Alternan la punta los negros correlones del Valle del Rift Asbel Kiprop y Augustine Choge. Una onda de gritos y aplausos los acompaña en su recorrido elíptico. Rashid Ramzi, de Barhein, va emboscado en el epicentro de lucha. Es la final de los 1,500 metros lisos. Un hilillo eléctrico corre por la espina dorsal del Nido de Pájaro.
 
La carrera atlética, cien, cuatro, ocho, cinco mil, maratón, proyecta un efecto estético en el espíritu. La carrera establece un puente de emoción. La velocidad y la resistencia se cuelan por las venas y llega al corazón. La carrera es la naturaleza misma del hombre.
 
El sociólogo Desmond Morris nos dice que la popularidad del futbol obedece a ese arco que toca nuestra mente con los hilos hereditarios, genéticos, y nos remonta a los tiempos pretéritos cuando la horda iba de caza, tras el mamut o el dientes de sable.
 
Nos transporta a aquel pasado remoto indeleble en los genes. Son los movimientos naturales del hombre que lo salvan del peligro y le producen placer. Los que cultivaron para la salud y el arte marcial los griegos, los celtas y otros pueblos.
 
Si añadimos el balón como la figura geométrica perfecta se refuerza el efecto estético. Si reflexionamos o extendemos la idea y acaso, si agregáramos unas cuantas gotas de aquel instinto salvaje del Neandhertal o del Cromagnon y cambiamos la elegancia euclideana por el cráneo del enemigo cerraríamos el círculo de la emoción.
 
Los 1,500 metros llanos son una de las pruebas más atractivas del programa olímpico.
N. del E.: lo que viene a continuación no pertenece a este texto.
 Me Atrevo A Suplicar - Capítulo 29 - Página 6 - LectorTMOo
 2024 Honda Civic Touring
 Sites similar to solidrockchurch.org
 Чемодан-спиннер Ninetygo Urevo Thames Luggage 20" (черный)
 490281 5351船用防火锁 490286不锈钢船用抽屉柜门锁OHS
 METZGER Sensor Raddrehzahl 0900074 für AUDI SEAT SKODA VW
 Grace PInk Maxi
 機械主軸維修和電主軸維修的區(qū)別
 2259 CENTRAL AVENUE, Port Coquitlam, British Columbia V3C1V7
El atleta combina su astucia e inteligencia con la resistencia y la velocidad terminal.
 
Es tan difícil, que un maestro de la distancia como Hicham El Guerrouj necesitó tres oportunidades olímpicas.
 
La imágenes están grabadas en la memoria del aficionado: Atlanta cuando rodó a los 350 metros de la meta; Sidney cuando lo sorprendió y fulminó el keniano Noah Ngeny, y Atenas cuando derrotó a Bernard Lagat y más tarde se entronizó al conseguir el doblete de los 5,000 en hazaña semejante a la de Paavo Nurmi de 1924.
 
Tan difícil que Lagat bronce y plata olímpica, en un parpadeo nocturno, fue eliminado aquí en Pekín. Venía por los 1,500 y el 5,000.
 
Ramzi sin el más fuerte adversario ventea la oportunidad de victoria a 300 metros de la línea de meta. Como un lobo entre lobos saltó por el bosque de piernas con brutal aceleración. Su figura elástica en la veloz manada adelanta gradual y toma la punta.
 
Reacciona el grupo. Aúlla el estadio. Se cimbra el Nido de ave. La figura de Ramzi, que corre como demonio, se recorta en la última curva. Lo persigue con frenesí el keniano Kipruto Kiprop. La carrera proyecta su efecto estético o nos conduce con placer a la noche de los tiempos.
 
Ramzi marca 3.32.94. Da un zarpazo en la recta final y huye con el oro olímpico. Es un lobo en los 1,500 metros llanos.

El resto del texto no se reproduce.